The work group must also develop guidance for schools, school districts, and educators in promoting developmentally appropriate interpersonal and decision-making knowledge and skills of SEL throughout the calendar year that is:
provides a positive learning environment for students;
is inclusive of parental involvement;
promotes school safety and a positive school climate;
includes best practices in assisting students through high school transitions between elementary, middle, and high school; and
incorporates best practices to address the mental health continuum of children, from mental well-being and mental health to mental illness, and acknowledges research around adverse childhood experiences.
In addition, the work group must provide technical advice on how developmentally appropriate interpersonal and decision-making knowledge and skills of SEL fits within existing teacher and principle evaluations, particularly as it relates to school safety and school climate. The work group must also create a state implementation plan that provides a framework for incorporating, and aligning, SEL with other Washington education initiatives, including college and career readiness, STEM education, twenty-first century skills, and the state learning standards. Finally, by September 1, 2019, the work group must submit a report to the Legislature, the Governor, and the SPI that details the work group's activities. The work group expires on July 1, 2020.
Duties of the Superintendent of Public Instruction.
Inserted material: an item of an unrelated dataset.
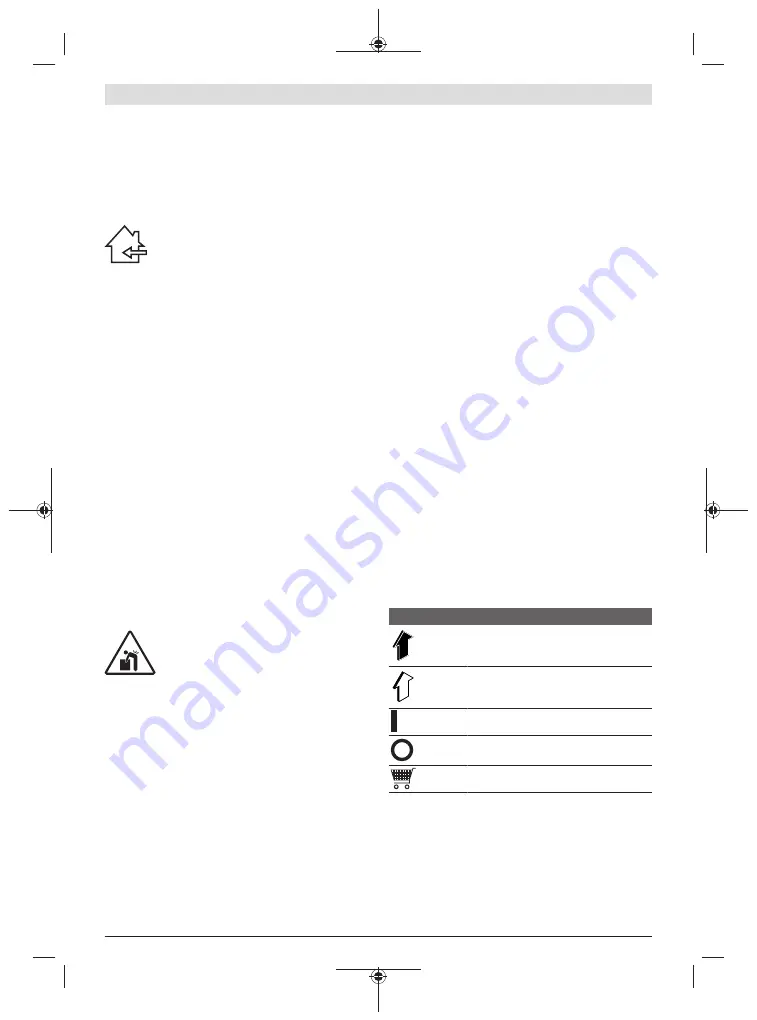 Bosch 06008B6101 Original Instructions Manual Download Page 60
To inform the work of the SEL Work Group, the OSPI must survey schools to:
ascertain how many schools in the state are teaching interpersonal and decision-making knowledge and skills of SEL; and
understand individual districts' capacity to implement the SEL benchmarks and indicators.
The SPI must select and employ a SEL technical advisor to assist and advise schools in implementing SEL programs throughout the calendar year. The SPI must also adopt, periodically update, and post on its web site, SEL developmental benchmarks and indicators, best practices, and guidance, based on the recommendations of the SEL Work Group.
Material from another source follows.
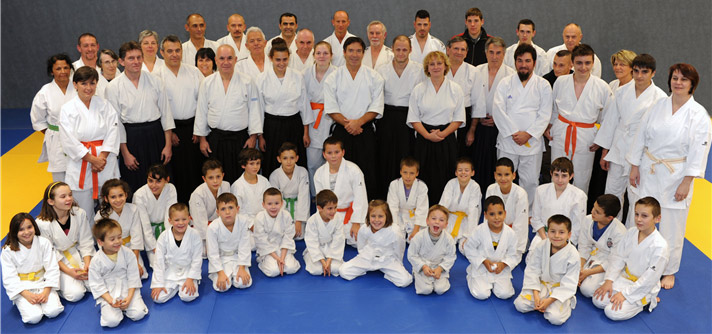 club aikido bourges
Summer Step-Up Grant Program. The Summer Step-Up Grant Program is established to increase the number of summer learning programs that combine academics and SEL. The OSPI must develop and administer the competitive grant program.
By March 1, 2018, the OSPI must award two-year grants to summer learning programs that are at least four weeks in length, for any of grades K-12 that agree to create or expand summer learning programs that combine academics and SEL. The OSPI must establish criteria to evaluate applicants, and require applicants to describe: the number and grade levels of the students that grant money will serve; how the summer learning program will combine academics and SEL; and how summer meals will be funded, including whether meals will be reimbursed by the USDA or other nonstate sources. In awarding grant money, the OSPI must give priority to applicants that plan to fund summer meals using reimbursements from the USDA or other nonstate sources.
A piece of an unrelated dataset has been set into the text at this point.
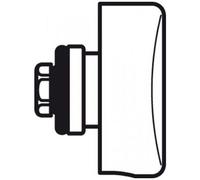Cartouche pour Tempostop Temposoft douche armorceur seul DELABIE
By October 1, 2019, the SPI submit a report to the Governor and the Legislature that recommends whether to continue, modify, or expire the summer step-up grant program, and describes:
how many students were supported during the summer learning programs funded by the Summer Step-Up Grants;
lessons learned in combining academics and SEL in summer learning programs; and
lessons learned in funding summer meals using reimbursements from the USDA or other nonstate sources.
Fiscal Note: Available.
Effective Date: The bill takes effect 90 days after adjournment of the session in which the bill is passed.